§ **What to do**
Copy out the lines beginning with the one that contains "Наша надувная карета" and ending with the last line below, exactly as they stand. Pictures are not copied.

------ Study material ------

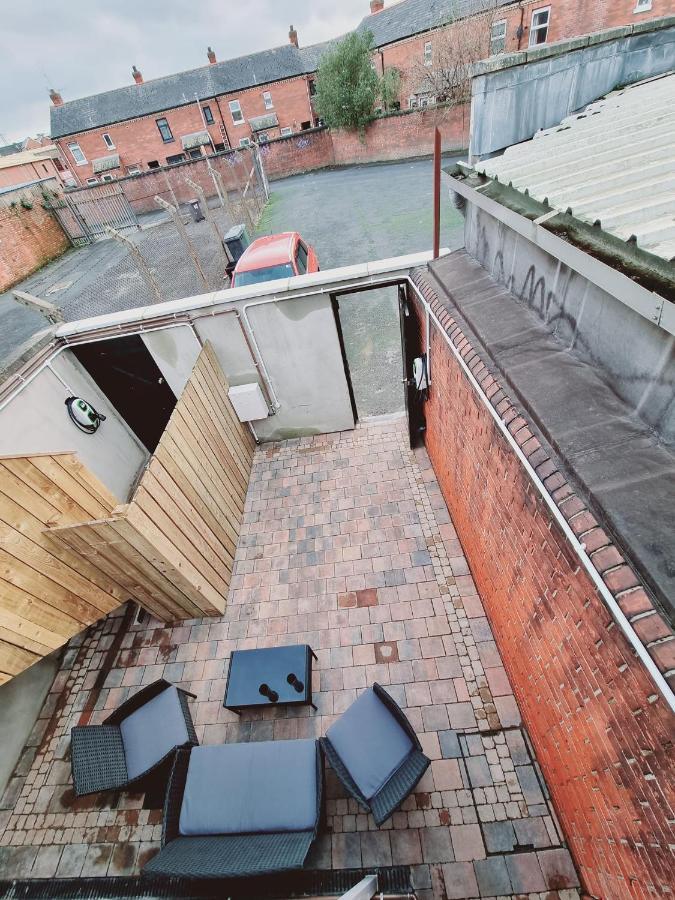 Lmk, Spacious 1 Bedroom Ground Floor Apartment, Ev Charger, Free Parking Wi-fi, Great Location Appartement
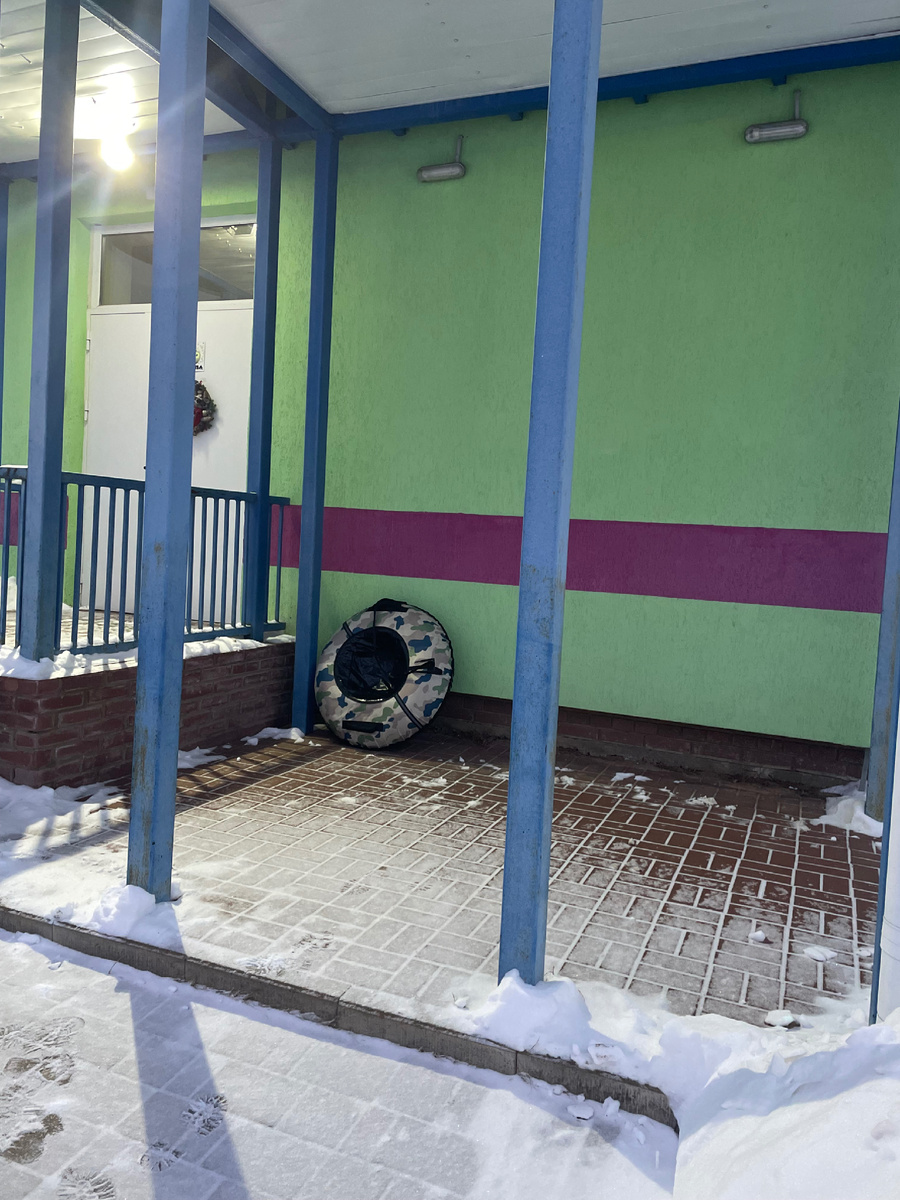 Наша надувная карета одиноко стояла сегодня) 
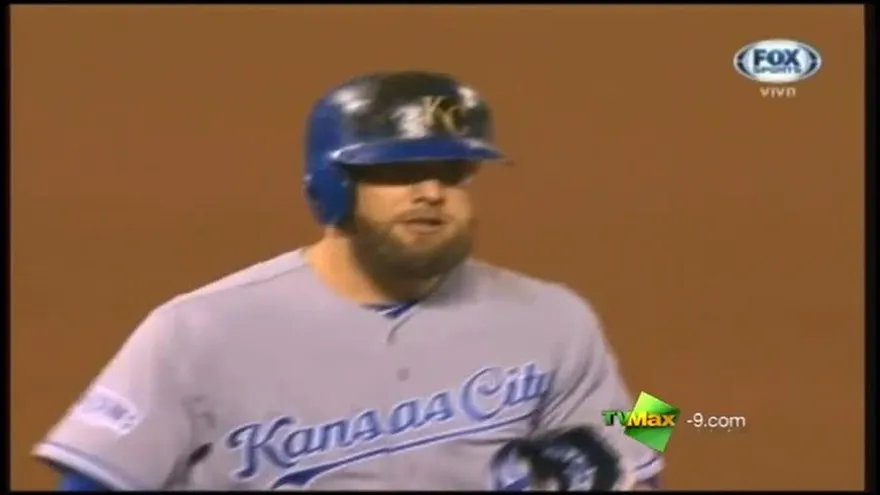 Alex Gordon con Doble empuja la 2da de los Reales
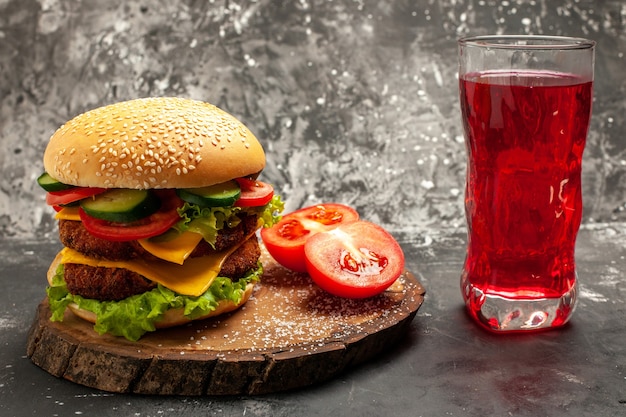 Vooraanzicht vlees hamburger met groenten en kaas op donkere ondergrond sandwich fast-food broodje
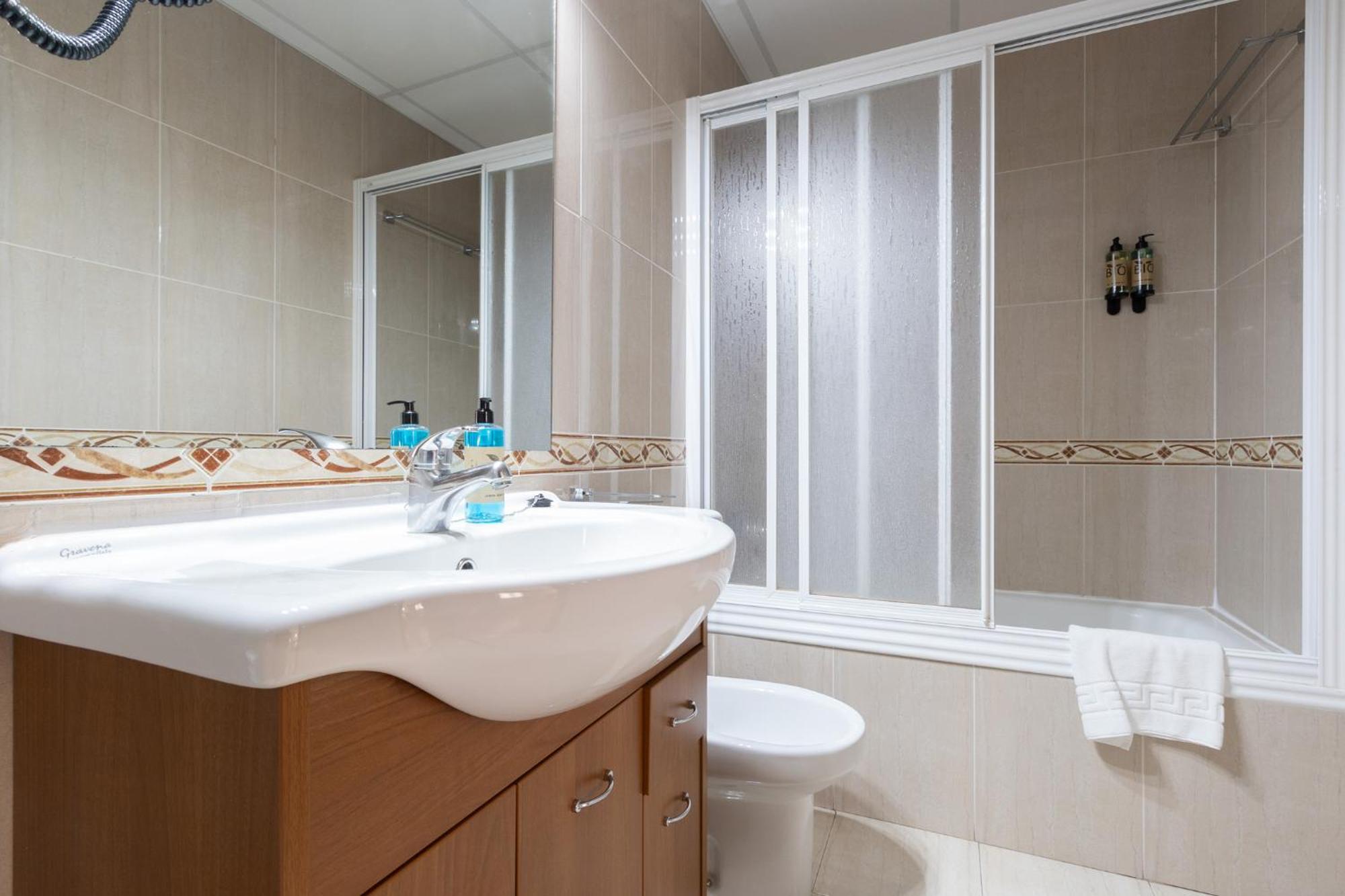 Insidehome Zaravencia Plaza Mayor Toro Esterno foto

------

§ **Answer to the exercise**
 Наша надувная карета одиноко стояла сегодня) 
 Alex Gordon con Doble empuja la 2da de los Reales
 Vooraanzicht vlees hamburger met groenten en kaas op donkere ondergrond sandwich fast-food broodje
 Insidehome Zaravencia Plaza Mayor Toro Esterno foto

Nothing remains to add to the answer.